As political parties in the United Kingdom finished their election campaign, the country is set to vote for their favourite candidates and parties on December 12. In the Westminster system, parliamentarians for the House of Commons are elected through ‘first past the post system’ and people on the electoral roll will decide on the composition of 650 seats.
Parties need to get past the halfway mark, i.e. at least 326, but any of the parties would be satisfied with slightly fewer seats since the Speaker and the three deputies do not take part in the voting to remain impartial. The Members of Parliament of the Sinn Féin, a left-wing Irish republican political party, do not take the oath of allegiance, so technically they never become MPs eligible to vote in the Parliament. This can take the magic figure even lower and Conservatives would be, practically, satisfied with any number greater than 320, which is considered as a safe majority.
The Conservative Party, led by Prime Minister Boris Johnson, is betting on the central theme of ‘Get Brexit Done’ and promised the voters to exit the European Union (Eu) on January 31, if voted to power with a majority. A clear majority has been an issue for the Conservatives which became a hindrance while getting the Brexit done. This forced the ruling government to dissolve the parliament and call for another election to ensure Brexit on or before the fresh deadline.

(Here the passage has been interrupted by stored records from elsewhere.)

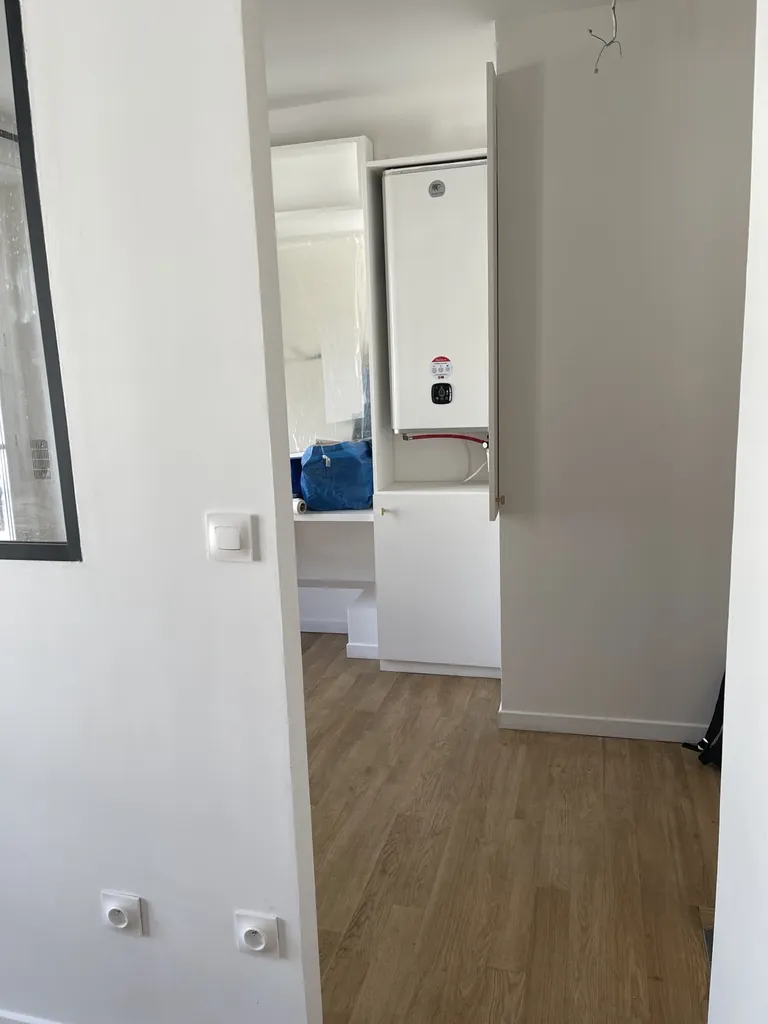 Placard blanc ouvert contenant un chauffe-eau dans un espace en cours de finition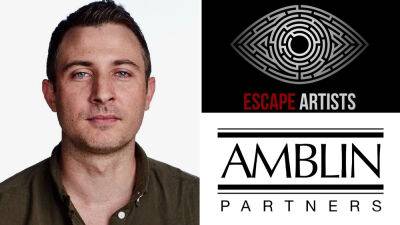 Amblin Lands Sci-Fi Pic ‘The Exchange’ From ‘Outer Range’ Creator Brian Watkins and Escape Artists - deadline.com - Washington - Wyoming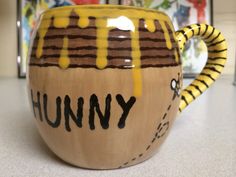 a ceramic coffee mug with the word funny painted on it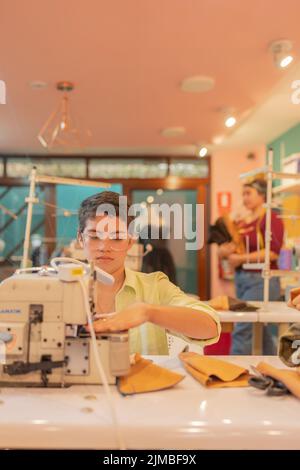 Vertikales Foto einer jungen kaukasischen Frau mit kurzen Haaren, die in einer Nähwerkstatt arbeitet Stockfoto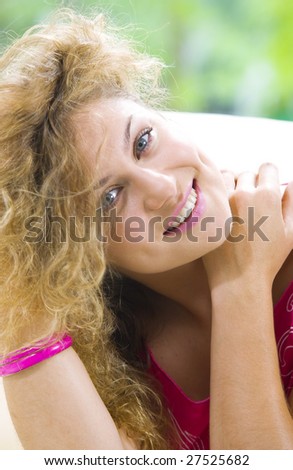 Portrait of happy young woman having good time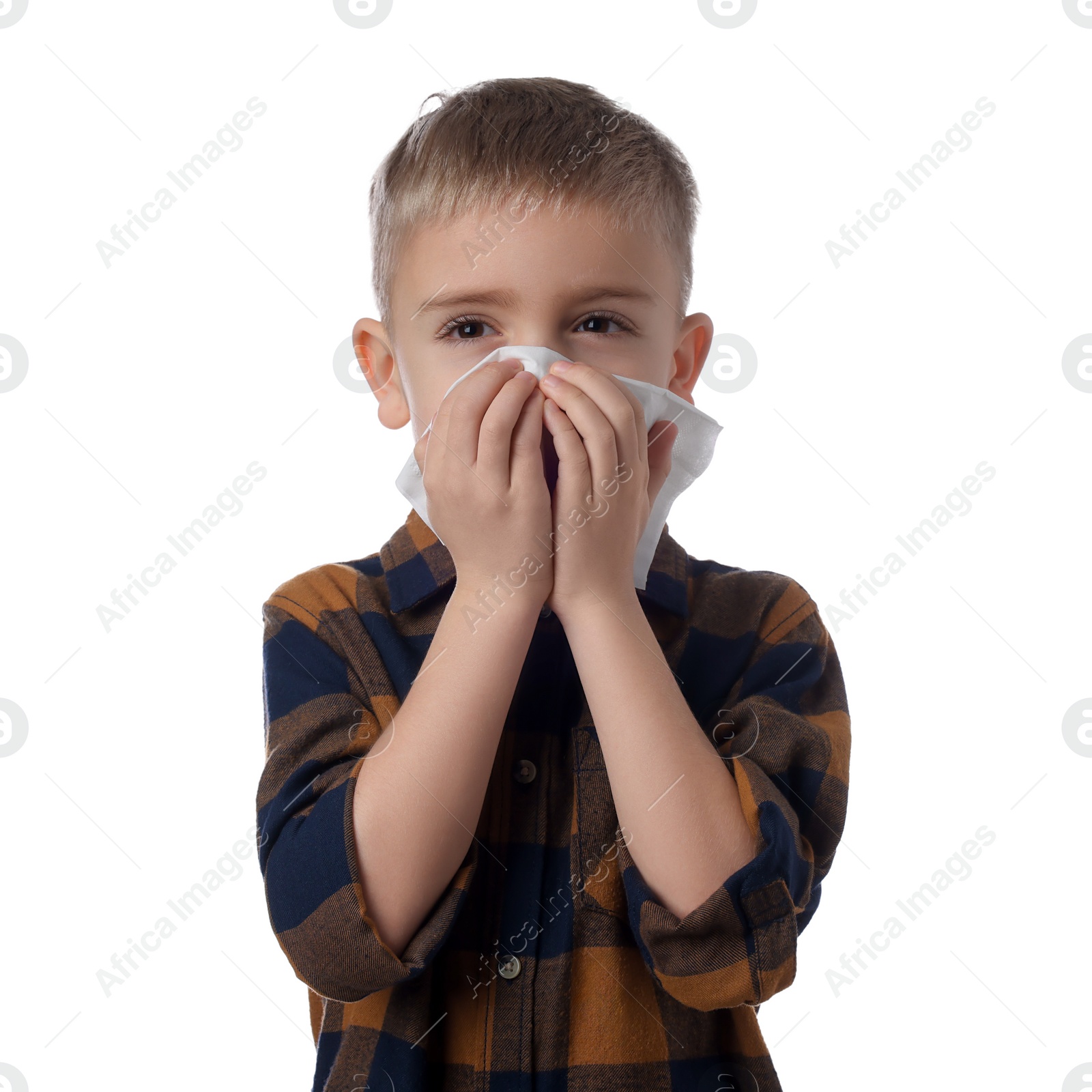 Photo of Sick boy with tissue coughing on white background. Cold symptoms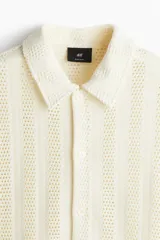 Camisa de manga corta color crema, confeccionada en tejido de punto jacquard con textura calada. Tiene cuello inglés, tapeta clásica con botones y bajo recto.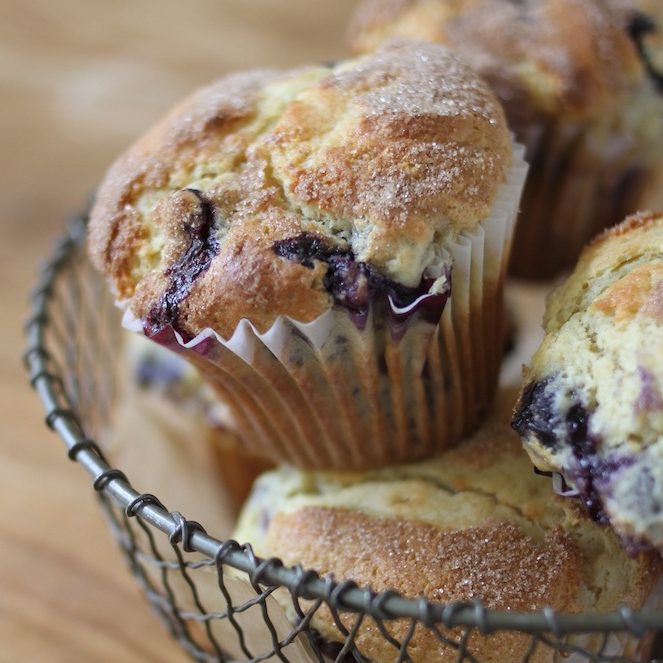 Close-up of a cinnamon-dusted einkorn blueberry muffin in a paper liner, showing golden sugar-topped crumb in a wire basket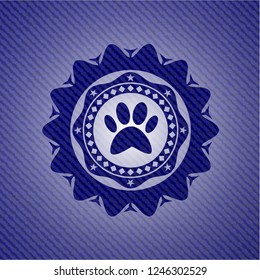 paw icon inside emblem with denim texture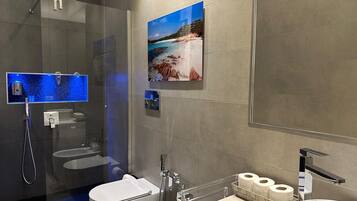 Een moderne badkamer met een douchecabine van glas, een toilet, een wastafel met spiegel en een toiletrolhouder aan de muur.
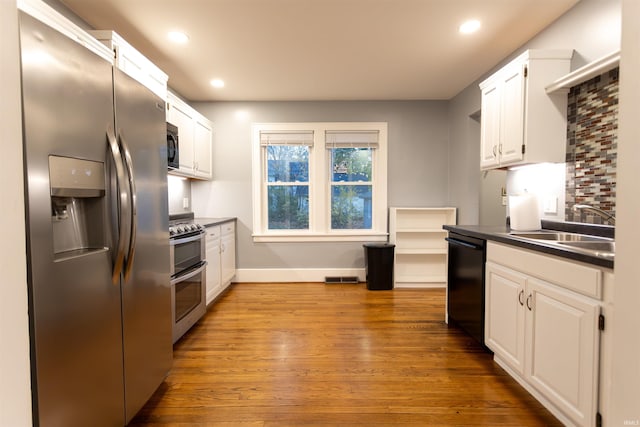 kitchen featuring white cabinetry, sink, light hardwood / wood-style flooring, and black appliances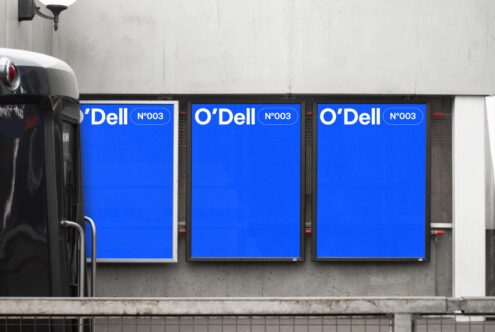 Three blue billboard mockups with bold white text on a concrete wall. Perfect for showcasing branding concepts, promotional graphics, urban design.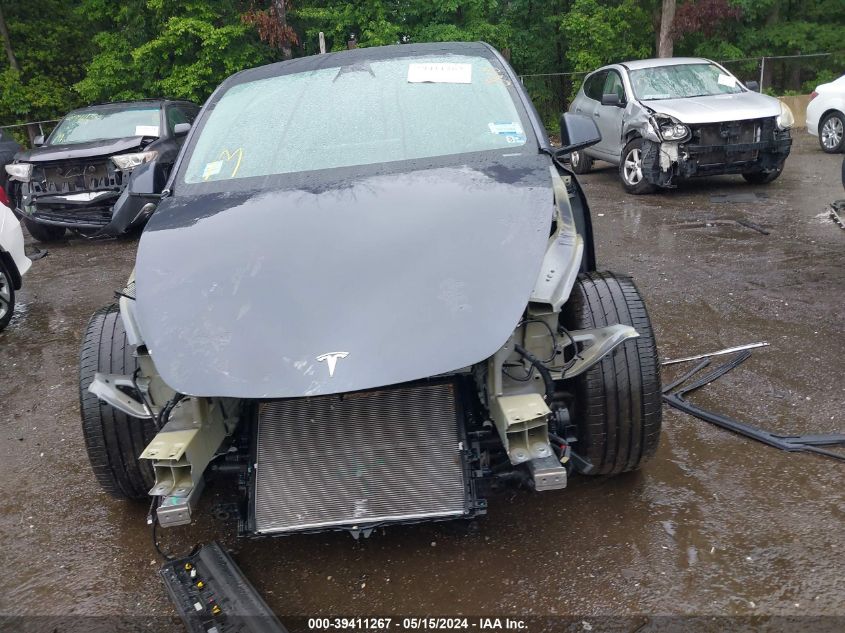 2022 Tesla Model Y Long Range Dual Motor All-Wheel Drive VIN: 7SAYGAEE7NF515744 Lot: 39411267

Conservatives have fielded 635 candidates while the Labour Party, led by Jeremy Corbyn, will be contesting on 631 seats. Brexit Party leader Nigel Farage had announced that his party will not field candidates in 317 Conservative-held seats, which gives an upper hand to the Conservatives since the anti-Brexit Liberal Democrats are challenging in 611 constituencies.
According to the Association of Electoral Administrators (AEA), the fate of 3,321 candidates will be decided in the general elections. In the last election, Boris Johnson won from Uxbridge and South Ruislip constituency with mere 5,034 votes majority, the smallest for a sitting prime minister since 1924. No incumbent Prime Minister, in Britain, has lost its seat in general elections and Johnson would be the first one if he loses from Uxbridge and South Ruislip. Johnson’s constituency is also the one with the highest number of candidates and the only seat where more than 10 people are contesting.